PGP fanatacism

Timothy C. May tcmay at netcom.com
Sun Aug 28 12:53:07 PDT 1994



An anonymous (why?--afraid to use your own name?) person wrote:

>Earlier, Tim May wrote:
>
>> Not only do many of us not do all this stuff (have you seen Eric
>> Hughes signing his messages? How about John Gilmore?), but some people
>> have decided to stop reading e-mail altogether. Donald Knuth, for
>> example. A wise man.
>> I'm happy that you PGP fans are thoroughly infatuated with using PGP
>> for everything. Just knock off the clucking and sighing about those
>> who don't see it as the end-all and be-all of today's communications.
>> It reeks of fanaticism.
>
>Interesting.  I wonder what this says though... cypherpunks promote
>encryption, digital cash, dc nets, data havens...
>
>but wouldn't ever be caught actually using any of the above.
>
>Hell, that stuff is way too plebian.  I'd rather advocate it that
>actually be in the uncomfortable position of following my own advice.

Anonymous flames are one thing, but incorrectly characterizing points of
view is another.

I and other Cypherpunks clearly use PGP at times.
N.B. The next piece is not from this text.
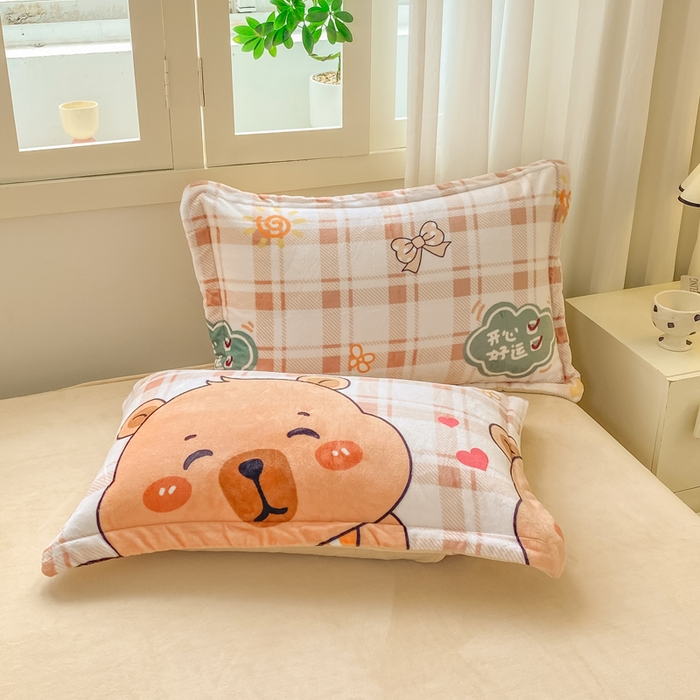 91家纺网 家纺一手货源 找家纺 红日子纺织品 2025新款高克重牛奶绒印花四件套 卡皮巴拉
I just don't like having
to jump throught the hoops of downloading my mail to my home machine and
then decrypting it....I do most of my casual mail reading in "elm," on
Netcom, as I am online for several hours a day, and downloading is an
interruption. (There's also the issue of "on-line" or immediate clearing
vs. "off-line" or delayed clearing....I see an encrypted message to me
while I'm reading my mail in elm....I have two main choices: log-off, fire
up Eudora, download my mail, decrypt the PGP message, or, defer the reading
until the next time I download my accumulated mail. I often forget about
PGP-encrypted mail until I happen to see it again, which may be never.)

"All crypto is economics." And too often the effort of reading encrypted
messages turns out to be not warranted.

My ire at John Young came from his apparently malicious "tweak" at me in
which he sent me PGP-encrypted mail immediately after my post explaining
why PGP-encrypted mail takes me longer to read. That his message was
utterly banal and was not worth decrypting was the proximate cause of my
anger. (He claims it was an "accident." Maybe. But seeing that it was the
first PGP message to me ever, and it came shortly after my comments, and
was banal, I have to conclude he thought he was jabbing me in some way,
making some meta-point.)

Many Cypherpunks are running shell scripts and the like to make running PGP
easier. Mostly on machines outside their control, where the secret key and
the passphrase can be captured any number of ways (as others have also
explained). This is illusory security. OK for playing around, but to
lecture people like me that we should not be bothering with using PGP only
on our secure machines is folly.

PGP and mail both have a long way to go. In the meantime, I prefer to
concentrate on the things I do pretty well, like writing and thinking. I'm
not a Unix jock like many of you college students or C programmers, and I
like it that way. To each their own. I don't have a Unix box at home, only
a Unix account on Netcom's machines (and this is a 14.4 dial-up account,
not a SLIP or PPP connection). That's life.

Anonymity is OK, but I encourage critics to come out from behind their wall
of anonymity and give their actual names, or at least use a
digitally-signed pseudonym, so we can know we're talking to the same
person.

(I suppose Mr. Nobody will use this to claim that "Cypherpunks are against
anonymity.")

--Tim May

..........................................................................
Timothy C. May         | Crypto Anarchy: encryption, digital money,
tcmay at netcom.com       | anonymous networks, digital pseudonyms, zero
408-688-5409           | knowledge, reputations, information markets,
W.A.S.T.E.: Aptos, CA  | black markets, collapse of governments.
Higher Power: 2^859433 | Public Key: PGP and MailSafe available.
"National borders are just speed bumps on the information superhighway."